Todd Culman, physicist/musician

I am not an expert on chaos and am probably not an expert on music, even though I play keyboards. Nevertheless, lack of expertise never stopped anyone on the internet from expressing their thoughts, so I will try to make a few comments on the application of chaos theory to music.

In many ways a musical number is a chaotic system. It has a number of `attractors' and there is some sort of order about these `attractors'. For instance, there are repeating sets of chord changes and a repeating beat, or meter. Nonetheless, these patterns do not repeat themselves exactly throughout a piece of music.

The beat of the music is not sterile and exactly repeating. It is like a heart beat. It slows down or speeds up a little. Often so little that it is not noticeable. The heart beat is chaotic, it does not keep perfect time. Like the heart, if the beat gets too far out of line, the music sounds bad. But also if the beat is too repetitive, the music sounds bad and is boring.

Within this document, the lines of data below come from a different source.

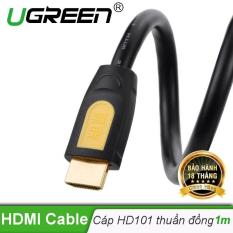Dây cáp HDMI 2.0 Ugreen hỗ trợ 4K 3D dùng cho Máy tính, Tivi, Máy chiếu và Ps4 thuần đồng 19+1 dài 1M UGREEN HD101 10115 – Hãng phân phối chính thức
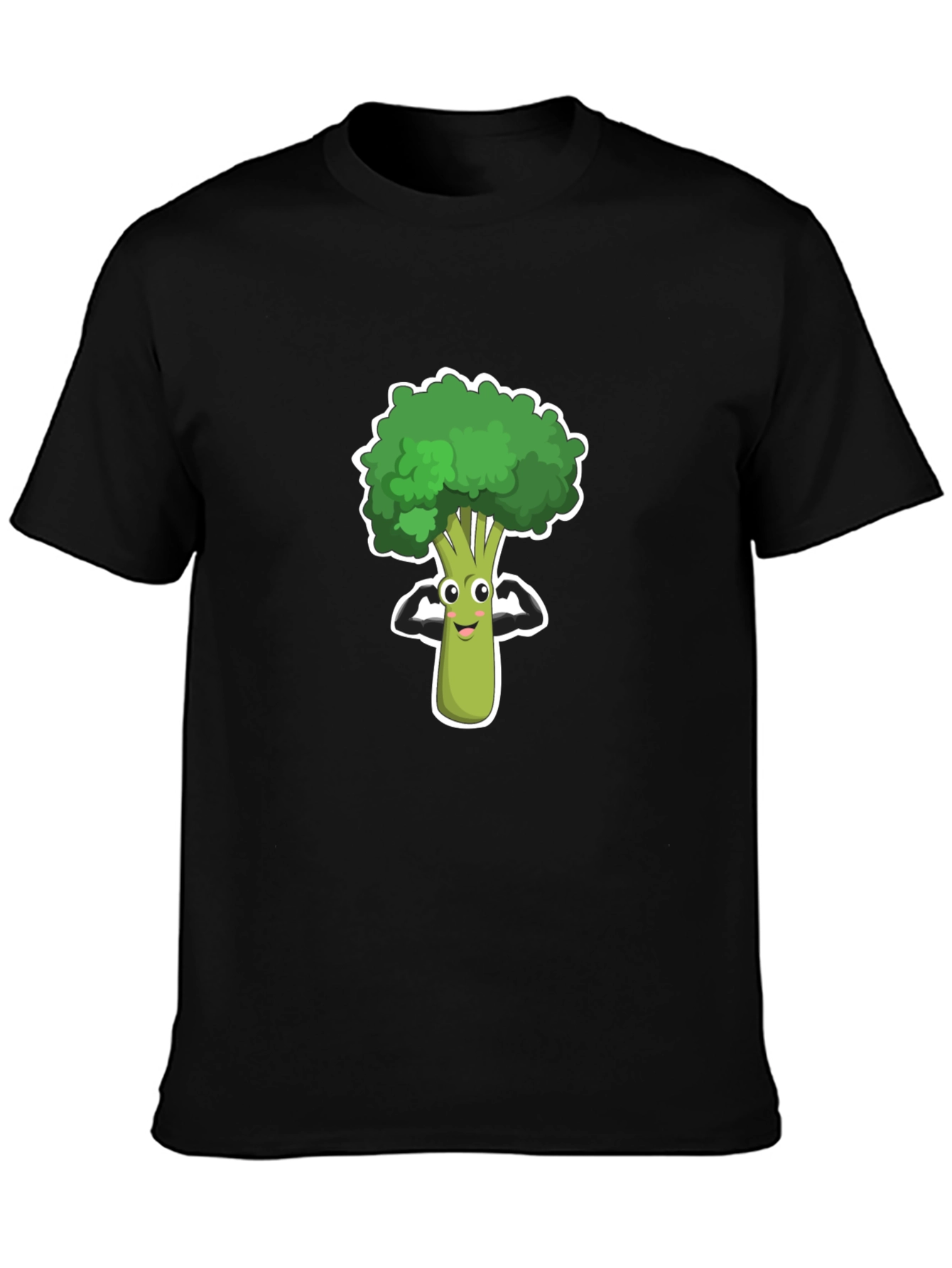 Broccoli Muscle T-Shirt - Healthy Vegan Power!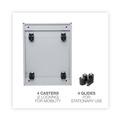 Office Carts & Stands | Alera ALEPABBFLG 14.96 in. x 19.29 in. x 27.75 in. 3-Drawers: Box/Box/File Legal/Letter Left or Right File Pedestal - Light Gray image number 5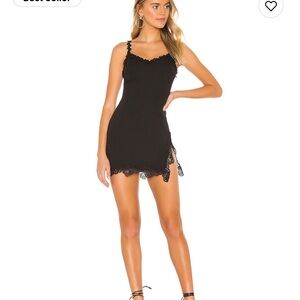 NWOT Black Superdown Dress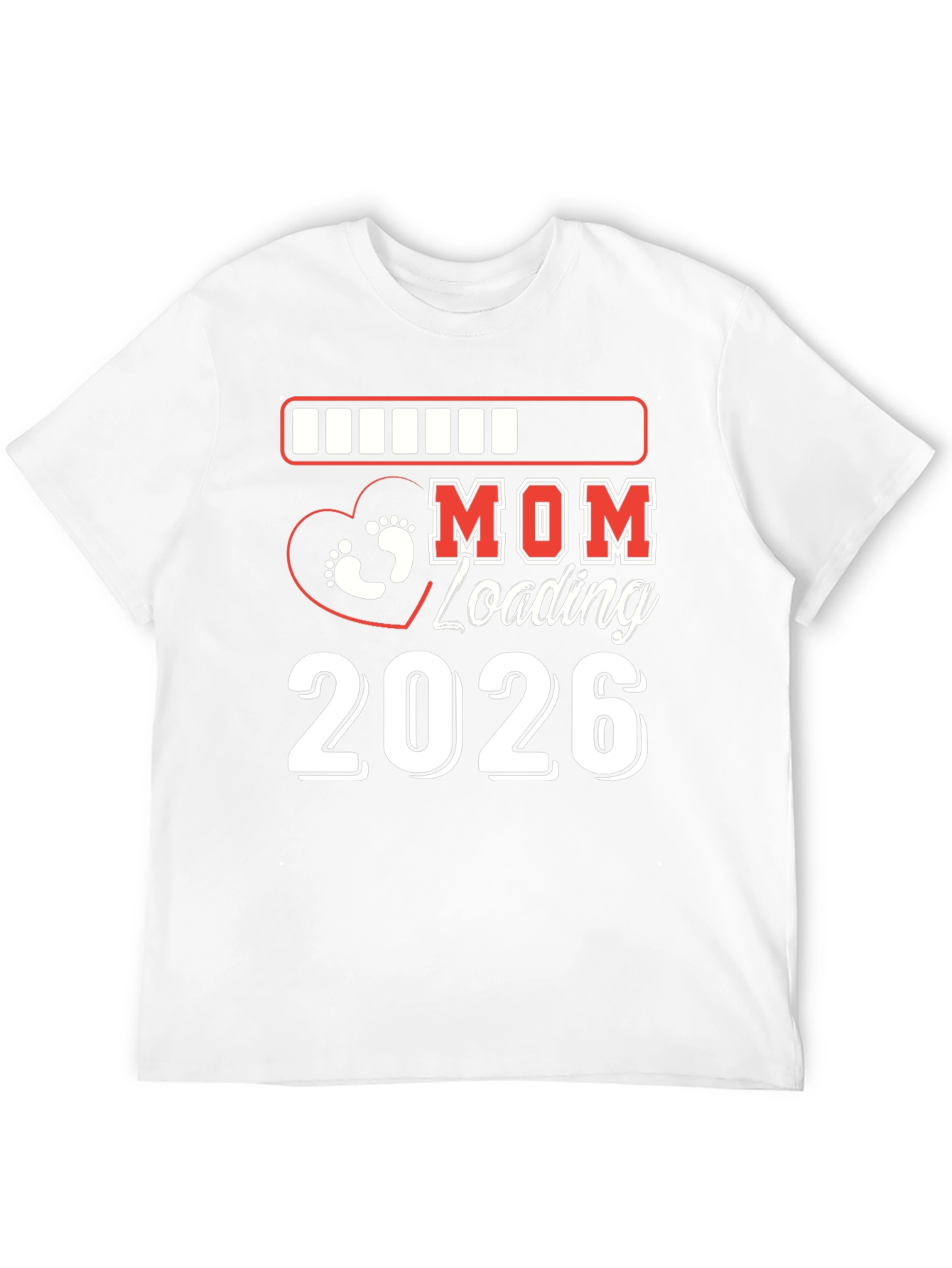 Mom Loading 2026 T-Shirt Pregnancy Announcement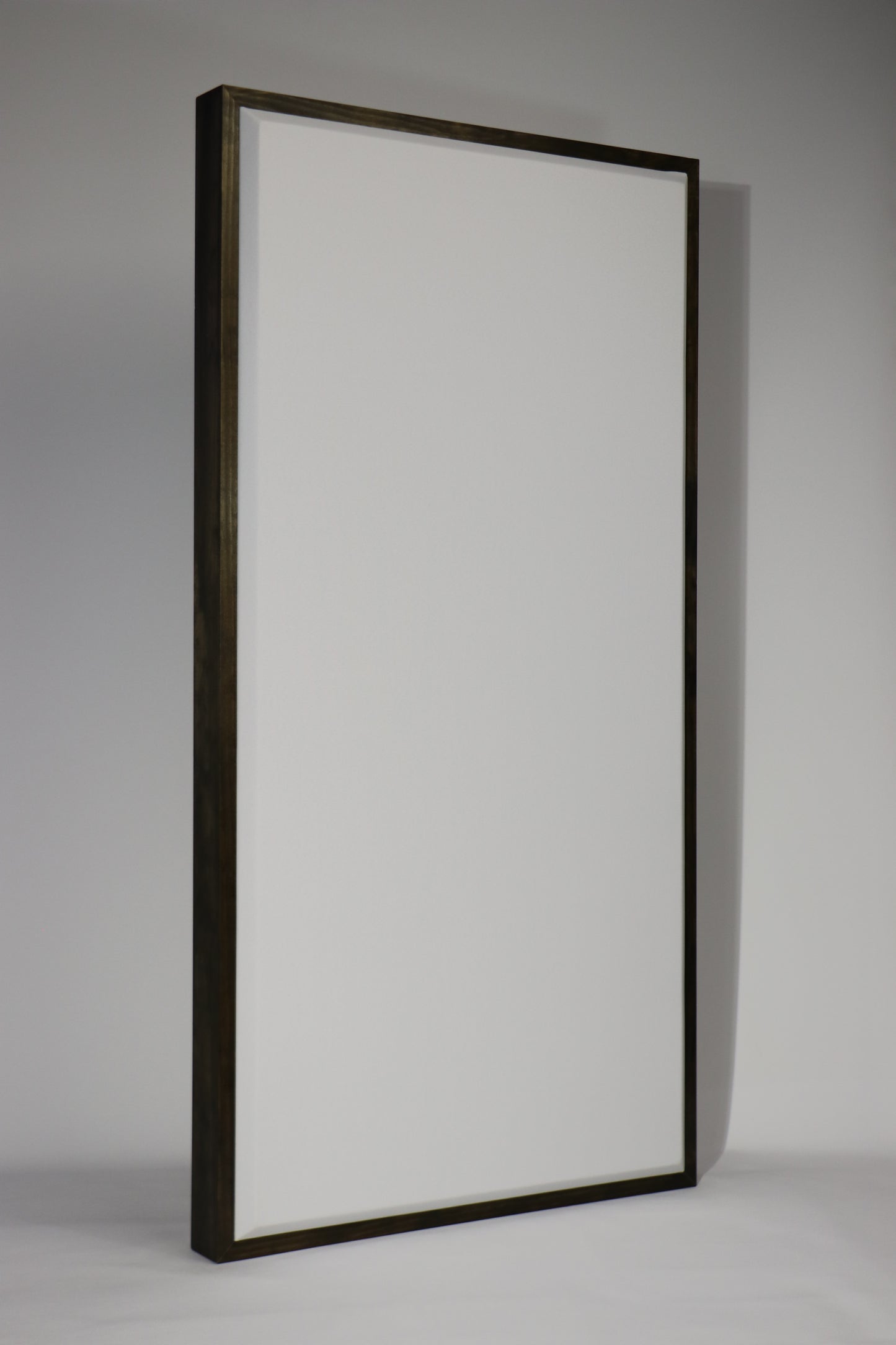 ACOUSTIC PANEL - WHITE & WALNUT FRAMED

The same logic applies to the chord progressions typically played by piano or guitar, or even an orchestra in a classical piece. Although the chord pattern may repeat, different inversions, voicings, dynamics and rhythms are used over the pattern so that it does not repeat exactly. This is what makes the music interesting.

Music is not random (chaos does NOT mean random) yet it is not periodic (repeating). It probably can be described using ideas from chaos theory.